Per la costruzione del viadotto fu impiegato un imponente numero di persone: donne, manovali, garzoni, carpentieri, muratori, scalpellini, ferraioli oltre ad una immensa quantità di materiale legnoso. La manovalanza era stata reclutata nei comuni di Acquaro, Dinami e Arena. La manodopera specializzata proveniva in minima parte dai comuni suddetti mentre ferraioli, scalpellini o altro venivano dai comuni di Monteleone di Calabria (Vibo Valentia), Soriano Calabro e Serra S. Bruno.

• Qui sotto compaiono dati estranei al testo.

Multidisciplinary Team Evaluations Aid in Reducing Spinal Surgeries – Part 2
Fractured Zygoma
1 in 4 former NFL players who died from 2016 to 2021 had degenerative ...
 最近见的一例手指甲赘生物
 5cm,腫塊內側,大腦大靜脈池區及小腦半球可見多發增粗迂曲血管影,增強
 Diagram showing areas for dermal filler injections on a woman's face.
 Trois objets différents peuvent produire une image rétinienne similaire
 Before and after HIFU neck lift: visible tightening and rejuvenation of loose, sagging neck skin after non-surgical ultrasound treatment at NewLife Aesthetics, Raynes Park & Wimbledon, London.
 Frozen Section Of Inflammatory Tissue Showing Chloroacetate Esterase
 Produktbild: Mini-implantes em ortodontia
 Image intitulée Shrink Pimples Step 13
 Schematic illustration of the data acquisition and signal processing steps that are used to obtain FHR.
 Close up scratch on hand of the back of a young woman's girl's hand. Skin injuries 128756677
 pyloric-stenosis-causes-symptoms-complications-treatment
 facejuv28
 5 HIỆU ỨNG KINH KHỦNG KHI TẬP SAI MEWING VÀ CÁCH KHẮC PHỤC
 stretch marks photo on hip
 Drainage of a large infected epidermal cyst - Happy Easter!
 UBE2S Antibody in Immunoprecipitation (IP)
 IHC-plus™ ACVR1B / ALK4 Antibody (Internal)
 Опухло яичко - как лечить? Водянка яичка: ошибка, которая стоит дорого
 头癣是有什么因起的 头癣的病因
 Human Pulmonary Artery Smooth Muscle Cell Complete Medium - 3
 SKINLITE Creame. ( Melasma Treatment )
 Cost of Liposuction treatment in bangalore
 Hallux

A salvaguardia della scarpata stradale sinistra, a valle del viadotto, era stata realizzata, a terrazzini, una fitta piantagione di acacie per il contenimento del terreno fatta con tale maestria da continuare ad esistere fino a pochi anni addietro (*). La scarpata destra era protetta da un rigoglioso bosco di lecci. La vegetazione è esistita fino a quando le Guardie Forestali hanno effettuato una stretta vigilanza, poi è seguita una distruzione sistematica ed un disboscamento selvaggio e tutto è andato alla malora nello stato in cui si trova attualmente. Si può senz'altro affermare che la bella struttura è a rischio anche perché, oltre a quanto scritto, c'è un altro fattore che concorre e cioè lo svuotamento a valle, "zona Cavorà", in pieno spregio ad ogni norma di legge, dell'alveo fluviale ad opera di ignoti per l'estrazione di inerti, che aggrava l'erosione delle sponde e accentua il rischio idraulico. Questa situazione però sembra che non interessi a nessuno.
(*) Il lavoro si avvicina a quello di questa immagine. Una volta cresciuta, la piantagione è stata sistemata come nelle immagini 1, 2 e 3.